The group recognizes that there is much room for improvement in methods to analyze and use OCR output effectively, including the need for better Machine Language (ML) and Natural Language Processing (NLP) algorithms.  Established ML/NLP tools need to be integrated into existing user interfaces for use by everyone: data transcription has been shown to be 30% faster with these tools in place. Also, web services need to be developed to offer the community a central place to access these tools. Additionally, we need to get information out to our community about what is possible with OCR output: we have begun to do this on the iDigBio Wiki. Lastly, we know that involving subject-matter experts from areas such as computer vision, image processing and information science will help us speed up digitization: humans-in-the-loop are going to be key to these strategies.

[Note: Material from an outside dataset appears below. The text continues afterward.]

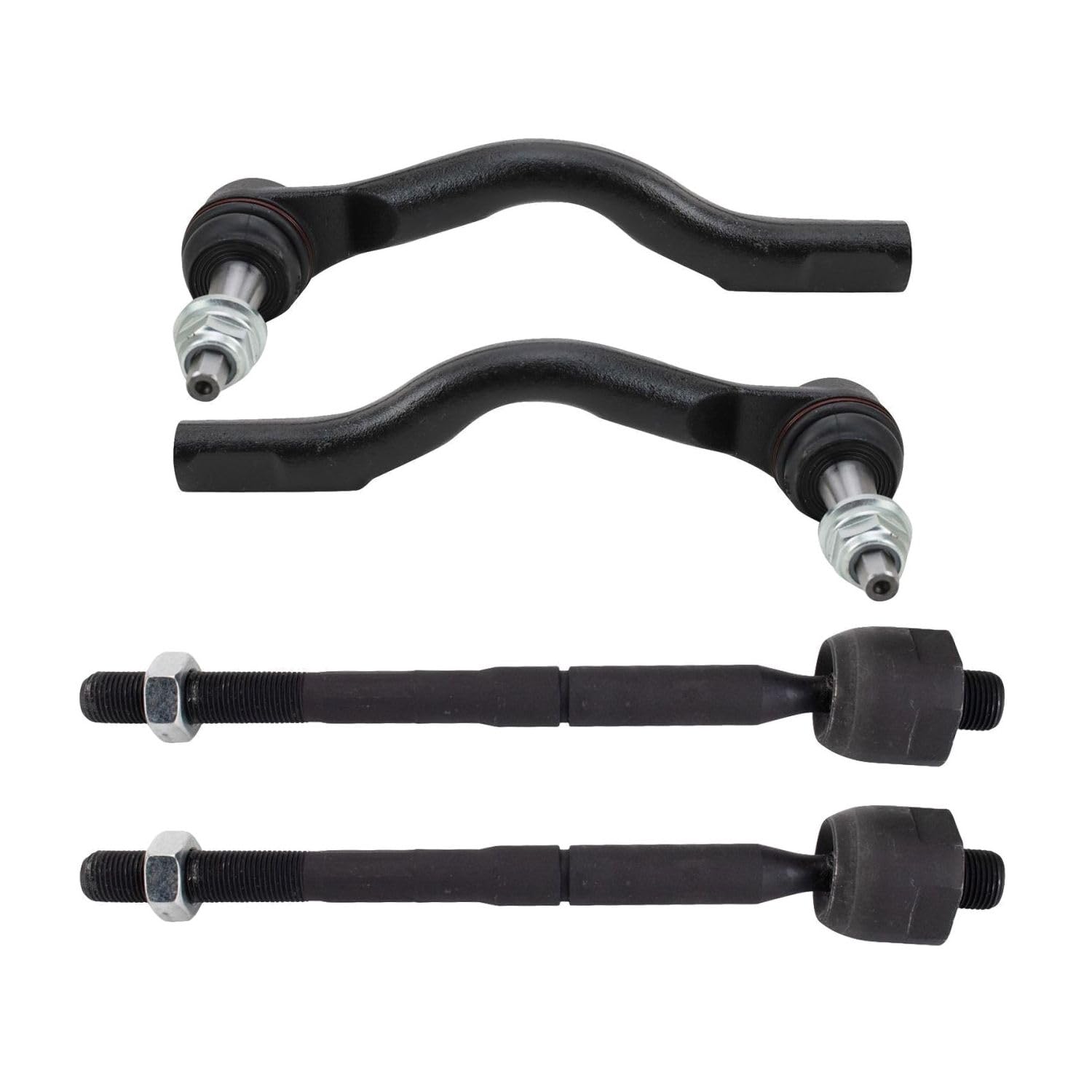 Z-Ryixiu Inner and Outer Tie Rod Set for Chrysler for Pacifica 2017-2021 for Voyager 2020-2021 4 Piece 2900466991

Starting with a working group meeting in October, 2012, the aOCR wg began planning a hackathon, to be held February 13-14, 2013 in Fort Worth, Texas, at the Botanical Research Institute of Texas (BRIT). We also put together a "BioBlitz," a series of submissions to the iSchools iConference 2013 that was held concurrently (February 12-15) in Forth Worth. 

The goal of the Hackathon was to work on improving parsing algorithms to extract data from OCR output and get it into databases. It was a successful and productive venture,  and we are now in the process of putting together the results of that Hackathon for publication. We are planning a white paper which will discuss the Hackathon process as a way to move forward with our key needs and to share what we learned in putting this together. You can read more about it on participant Ben W. Brumfield's blog at: iDigBio Augmenting OCR Hackathon or see us at work on Facebook: iDigBio aOCR – BRIT Hackathon.

For the BioBlitz, the aOCR wg put together four submissions for iSchools iConference2013, where we presented the following items:

·       A short paper intended to introduce the Information Science community to the aOCR, iDigBio, TCNS, and the natural history collections community digitization efforts.

·       A poster highlighting some key efforts in the aOCR working group

·       A workshop to foster a dialogue between the Information Science community and the Biodiversity Collections groups. The goal from this interaction is to help iDigBio find strategies to digitize faster and more efficiently

·       An alternative event on the final day of iConference2013 to tell the iConference group about the outcomes from our 1st Hackathon.

We are very pleased to report on these initiatives and declare them worthwhile and highly productive! We are looking forward to increasing our resource base, to continued interaction with the broader information science community, and to ongoing discussion and dissemination of our ideas, challenges, progress and solutions!